Something happens when we break bread. We see Christ more clearly. We see ourselves more clearly. We see others more clearly. If we never break bread together, will we ever see clearly?
The Apostle Paul wrote, “now in Christ Jesus you who once were far off have been brought near by the blood of Christ. For he is our peace; in his flesh he has made both groups into one and has broken down the dividing wall, that is, the hostility between us.”
The Eucharist reveals to us that we are the Body of Christ, that when we eat “Holy Communion” together, it unifies us and makes us into a family. When Christians use the words “brother” and “sister”, we do not use them lightly, or we ought not. Those words mean instead that we have truly become a family, that we have responsibility to one another. When Jesus Christ said from the cross to his disciples, “Man this is your mother,” and “woman this is your son” – he made them recognize that through him they were family and that didn’t just mean that they called one another mother and son, it meant that there was responsibility that came along with that, that they took care of one another.
This is what happens when we celebrate Communion, our nature as family is revealed to us. Not in a sentimental way, but in a real way. When we receive the Body of Christ it is really we that are being received into the Body of Christ. It does not become a part of us, we become a part of it.
This is why we celebrate Communion together, not individually. We celebrate it communally because the whole point of it is communal, that we are being brought together into one body. That through the work that Jesus Christ did, we are able to be freed from our sins of prejudice and separation, and reconciled to God and one another.
In the Eucharist, we are shown who we are: a family, unified though divided, one though many, suffering yet enduring.
Last week we remembered the 35th anniversary of the assassination of Archbishop Oscar Romero. He was killed by his own government. His crime? Trying to make the Body of Christ visible. He had been working and preaching in defense of the poor and abused of his country.

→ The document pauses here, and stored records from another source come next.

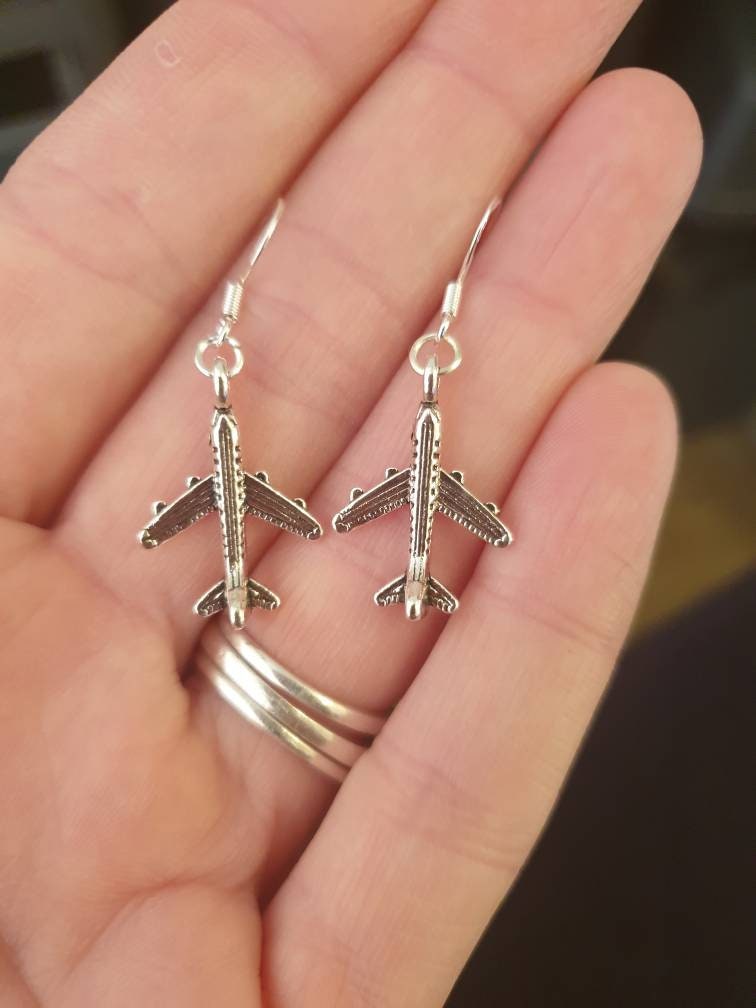 Antique Silver Airplane Dangly Charm Earrings In Gift Bag, Traveller Gifts - Premium  from Etsy - Just £4.99! Shop now at Uniquely Holt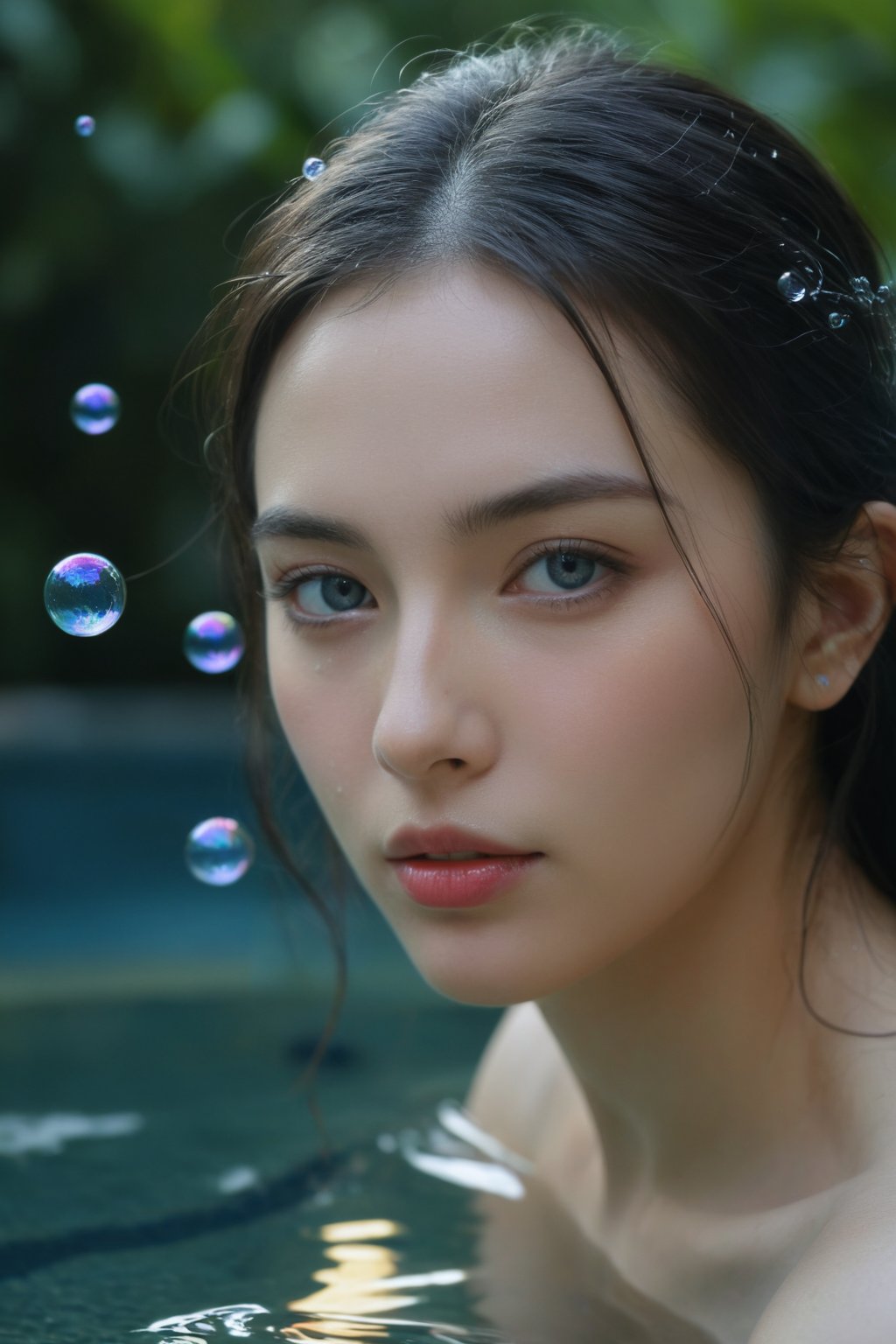 photorealistic,Extremely Realistic,in depth,cinematic light,hubggirl,

BREAK 
hyper realistic, enigma dark Witch with iridescent bubbles, water drops, and shimmering magical eyes emerging from a hidden forest pool, particle effects, 

BREAK 
perfect hands, perfect lighting, vibrant colors, intricate details, high detailed skin, intricate background, 
realistic, raw, analog, taken by Canon EOS,SIGMA Art Lens 35mm F1.4,ISO 200 Shutter Speed 2000,Vivid picture,More Reasonable Details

As women were raped and people disappeared in El Salvador, he appealed in his last sermon for the soldiers of the nation to begin to live like they were the Body of Christ. Throughout the history of Christianity, people of all races, countries, and languages have called themselves the Body of Christ, while failing to treat one another that way. We have raped one another, robbed one another, shot one another, bombed one another, we have lived in comfort while other parts of the body starve. Thus, in attempting to slow this tide and cause those who called themselves Christians to reveal Christ, rather than reveal cruelty and division, he said in his last sermon:
I want to make a special appeal to soldiers, national guardsmen and policemen: each of you is one of us. The peasants you kill are your own brothers and sisters. When you hear a man telling you to kill, remember God’s words, ‘thou shalt not kill.’ No soldier is obliged to obey a law contrary to the law of God. In the name of God, in the name of our tormented people, I beseech you, I implore you; in the name of God I command you to stop the repression.”
The next day, during his last celebration of the Eucharist, Romero was shot by an assassin. As he pleaded with the nation to stop breaking the bodies that made up the body of Christ, his own body was broken and he joined the ranks of the martyrs. Yet, that Eucharist service, cut short though it may have been, made visible the body of Christ in a way that many services do not.
Oscar Romero simply demanded that people recognize that we are family; and that we must demand justice for our brothers and our sisters.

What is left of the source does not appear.